I have to assume they’re taking sides. I don’t particularly care who’s siding with whom (yes, I do), though the safe bet is “the nice guy we already know who owns this nice abode” is trending ahead of “the crazy terrorist ex-girlfriend who is still on several wanted lists”.

It occurs to me I may have lost here before I even got started. I try to ignore the knot in my stomach.

Jason peels off over toward the couch where … okay, unexpectedly, Leo’s giant automobile mecha (imaginatively named “Otto”) is playing racing games on a massive-screen (and so decent scale) TV.

I want to slide out from under the observation. Is there a wall I can just casually lean on and quietly watch --?

“Here!”

Jason’s bestest-friendbot, “Summer,” is standing there, extending a piece of paper to me with an impossibly bright smile. She moves very quietly, now that the antigrav hum has been dealt with.

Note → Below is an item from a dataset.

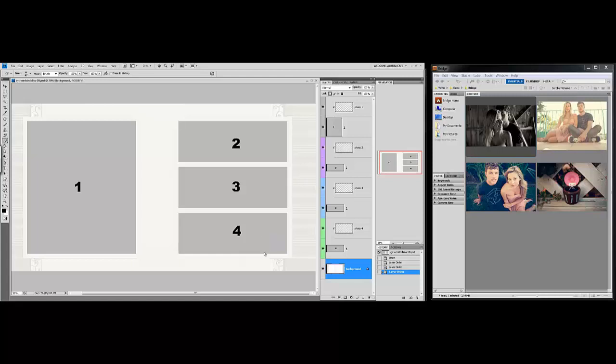Hi everyone, Veronica here and today I'm going to show you how to add photos to your templates directly from Bridge.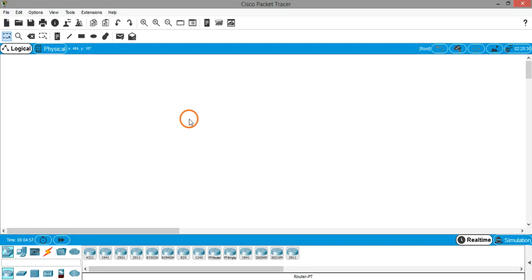Hello everyone, welcome to this video on Cisco Packet Tracer. In this video we are going to connect two computers with each other.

I take the paper. It’s a coupon to “Blintzkrieg.” Twenty-give percent off blintzes any weekday after 8 a.m.! And Buy one Cinnelatte of any size, get another drink of equal or lesser value for free.

Leave it to the Americans, of course, to use the name of a devsatating assault strategy developed by a militaristic fascist state as a means to sell overly-sweet coffee drinks and Americanized Slavic pancakes. But …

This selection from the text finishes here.